We have good indirect evidence that they exist, but they haven’t been directly detected — although there are now many people trying to do so.

Extremely massive black holes orbiting each other would generate gravitational waves.

The Parkes telescope is being used to look for the effects that such waves would have on the small stars called pulsars.

The longer this experiment runs, the more sensitive it becomes to weak effects.

The Parkes telescope: hunting for gravitational waves. (Photo: John Sarkissian)

The Parkes telescope: hunting for gravitational waves. (Photo: John Sarkissian)

The researchers using Parkes haven’t yet detected gravitational waves. But they can say how weak the waves are. That is, if the waves were any stronger, they would have detected them by now.

This information has let the scientists test four competing models (ideas) of how supermassive black holes, and the galaxies they live in, grow and develop.

One model is now ruled out and the other three may need to be modified.

And that’s how science progresses: by putting innocent models’ feet to the fire.  Ruthless, eh?
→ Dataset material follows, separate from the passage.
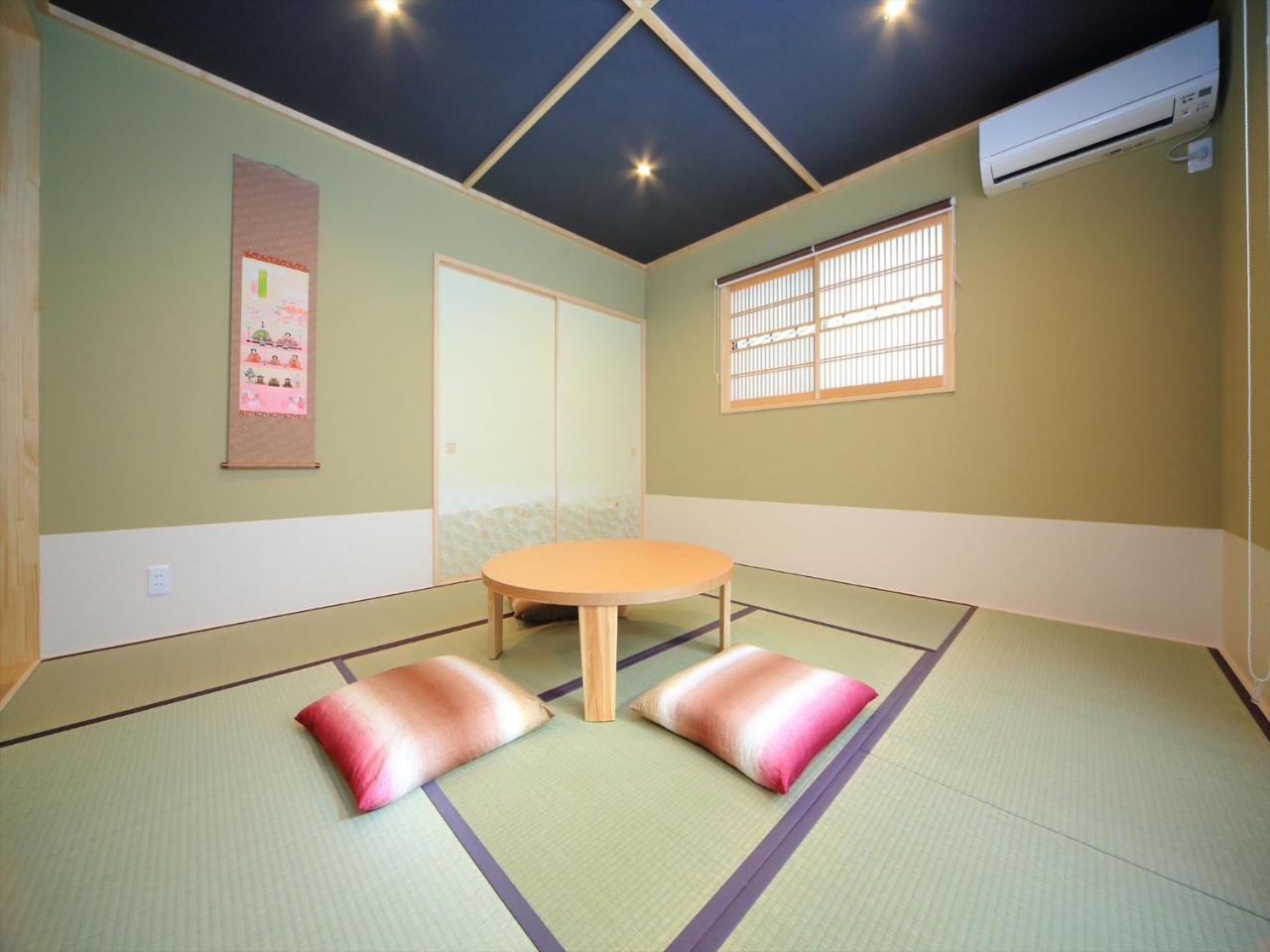 Coto Kyoto Kiyomizu 2 Villa Buitenkant foto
*Why do we say “gravitational waves” and not “gravity waves”?  Because scientists who study the atmosphere nabbed that term first.

R. M. Shannon, V. Ravi, W. A. Coles, G. Hobbs, M. J. Keith, R. N. Manchester, J. S. B. Wyithe, M. Bailes, N. D. R. Bhat, S. Burke-Spolaor, J. Khoo, Y. Levin, S. Osłowski, J. M. Sarkissian, W. van Straten, J. P. W. Verbiest, J-B. Wang. Gravitational-wave Limits from Pulsar Timing Constrain Supermassive Black Hole Evolution. Science, 18 October 2013.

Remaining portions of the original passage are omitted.